Harry insults everyone watching and listening by explaining what “arrangement” means, but it’s all to point out that Clark knocked it out of the park. Keith also has praise, but his only criticism is that he would’ve liked a bit more smile. J-Lo calls it beautiful.
So it’s down to Jax and Qaasim, and I’m about 99 percent confident. Sure, Jax was the worst last week, but Qaasim was second-to-worst and doesn’t have nearly the resume. I’m upset with myself for even considering this as a possibility.
Jax is Safe
Whew! Ahhh the anxiety that goes along with the pimp spot. I don’t think anyone deserves it, and that’s why having the bottom three felt more suitable. But it definitely adds to the anticipation. Jax’ odd choice — Adam Sandler’s “Grow Old With You” from The Wedding Singer — simultaneously has the most potential and biggest chance of failure, but I’m not worried. If she Jax’s it up properly, it will be a moment. Gotta worry about those nerves though, especially after she bursts into tears upon hearing her name (and yes, I also wrote this whole intro paragraph, except for the tears part, during the commercial break).

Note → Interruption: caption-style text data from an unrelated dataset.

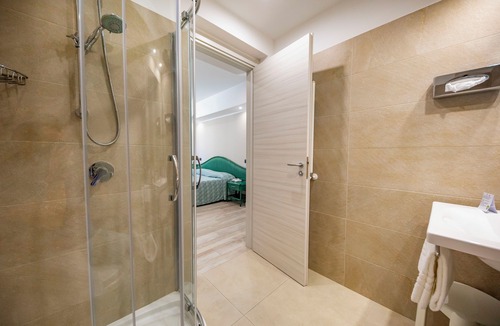 Mazzaforno Hotel | Hotiday Cefalù Mazzaforno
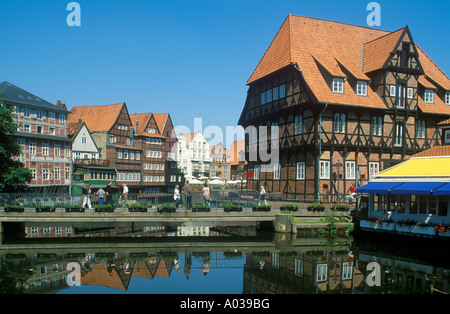 Fachwerkhäusern in der kleinen Stadt Lüneburg im nördlichen Niedersachsen Stockfoto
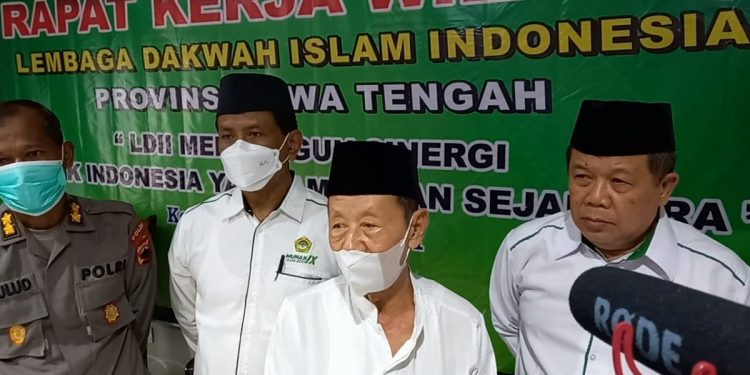 Ketua MUI Jateng didampingi Ketua DPW LDII Jateng dan Kabid polmas Polda Jateng AKBP H Maulud SAg di sela Rakerwil LDII Jateng di GNBS Banrngsong Kendal Jawa Tengah, Minggu (19/12/2021).
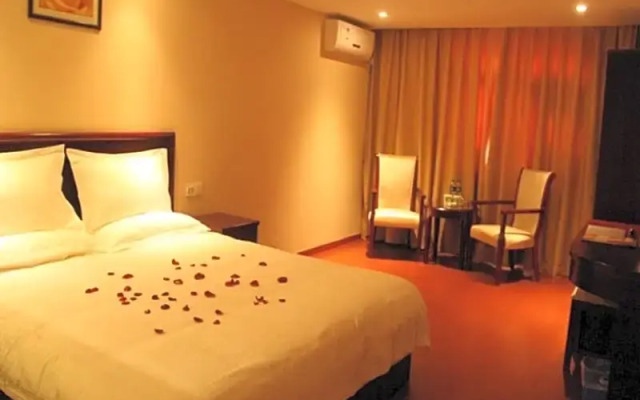 GreenTree Inn Guangdong Guangzhou Baiyun West Huangshi Road Express Hotel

She’s going with the idea that less is more, and Nile cautions her against losing our gaze. It’s her on a stool with an acoustic guitarist, and I actually feel warmer inside while listening. Jax is back, and it’s so sweet I’d love if she’d sing it at my upcoming wedding. It’s quirky and cheesy for sure, but on a night when so many singers faltered, this one hits the spot.
Keith welcomes her back after her stumble, while J-Lo thinks it accentuated her voice. Harry calls her a high-risk, high-reward performer, and this one paid off because it was personal and stood out. He cautions her about rushing, which Ms. Lopez attributes to the nerves of going last. Should we call it Pimp Syndrome?
Qaasim Middleton Sings for the Save
Qaasim is hoping The Beatles’ “Come Together” from Across the Universe will bring about his redemption, but he’s dead in the water. Too many potential winners left. Still, I prefer to think of it as being from Armageddon, though I guess that’d be the Aerosmith version. Not sure which Qaasim we’re going to get, but part of me will miss epileptic James Brown.
They don’t even bother to show his training session before he launches into what I can only describe as the sexy version of “Come Together.” It’s far and away better than about seven or eight of the people who performed already, and it’s actually my favorite of his all season. But there’s no way they can keep him, though he makes it tough.
Harry calls it arguably the best performance of the night, but unfortunately they only get one save. And Qaasim is all performance, which sometimes the vocals are lacking. But…
The Judges Save Qaasim
Wow. Just … wow. I don’t know what to say. Speechless. I guess he earned it, but he didn’t deserve it, if that makes sense. What if Jax or Clark goes home five weeks from now? This is insane. No way Qaasim will win.
And so the two Q’s remain. Were you surprised? Should the judges have used the only save on Qaasim? Did they make a mistake? Which two singers will be going home next week? And how would you rank all those who came up short?
I wish I had a better closing line, but I got nothing. The save. Used to keep the Top 11 intact. The only save. On Qaasim Middleton. Yep. That just happened.
American Idol airs Wednesdays at 8pm (starting net week) on FOX.